Materials Needed: DN Worksheet, white board, dry erase markers, Chart Example Division with Model, student white boards (if desired), and IND Worksheet.
Vocabulary: Division, model, groups, inverse, and multiplication
Do Now (3 -5 min): Teacher hands a DN Worksheet to every student and asks the students to complete the worksheet independently.
Opening (2 -3 min): Teacher quickly reviews answers to the Do Now and then says, “Today, we are going to begin learning about division. By the end of this lesson, you will know be able to use a model to solve a division problem.”
Direct Instruction/ Guided Practice (15 min): The teacher has the following definition on a chart/board.
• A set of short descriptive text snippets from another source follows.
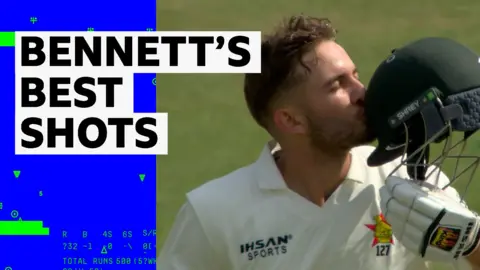 Brian Bennett kisses helmet to celebrate century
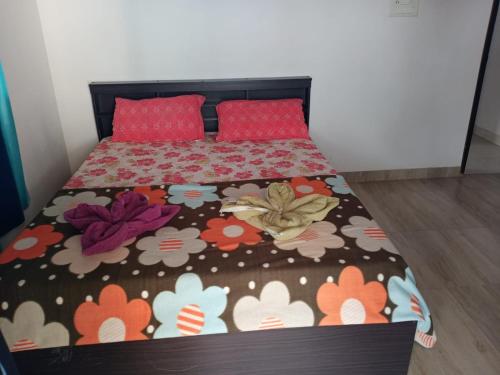 a bedroom with a bed with a floral bedspread at Ocean Shores Hospitality in Candolim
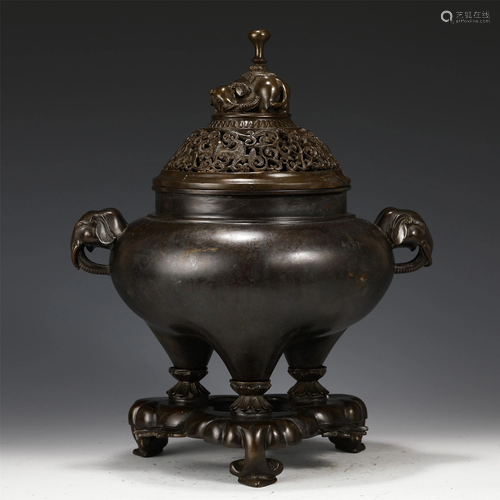 A CHINESE BRONZE INCENSE BURNER WITH ELEPHANT HANDLES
A division fact represents sharing equally or forming equal groups.
The teacher pauses…”So wait, division is about groups? I thought multiplication was about groups? I am confused. OHhhhh, I remember now multiplication and division are inverse operations, or basically related, so it makes sense that they are closely related. We learned that yesterday. So if I can’t remember the multiplication/division fact I can draw a model to solve a division fact, because I know it is only about the number of groups.
Ok, before I do that, I want to review my two options/strategies so far:
1. Remember the multiplication/division fact
2. Draw a model to solve the division fact.
Ok, I am ready to get started now.” The teacher writes the following problem on the board/chart.
40 / 5 = ? 5 people share 40 cookies. How many cookies does each person get?
The teacher begins, “To find 40/5, start with 40 dots. Then think: How many 5s are in 40? Make or circle groups of 5 objects each. Then count the groups. (See Example Chart Division with Model for visual)
The teacher should then model 1 – 2 more problems for the students, before working on the Guided Practice problems together (See Example Chart Division with Model).
Independent Practice (10 min): Each student is given the IND Worksheet and asked to complete it individually and turn it in.
Closing (2-3 min): Teacher calls the attention of the students back toward the front of the class to ask what they learned about.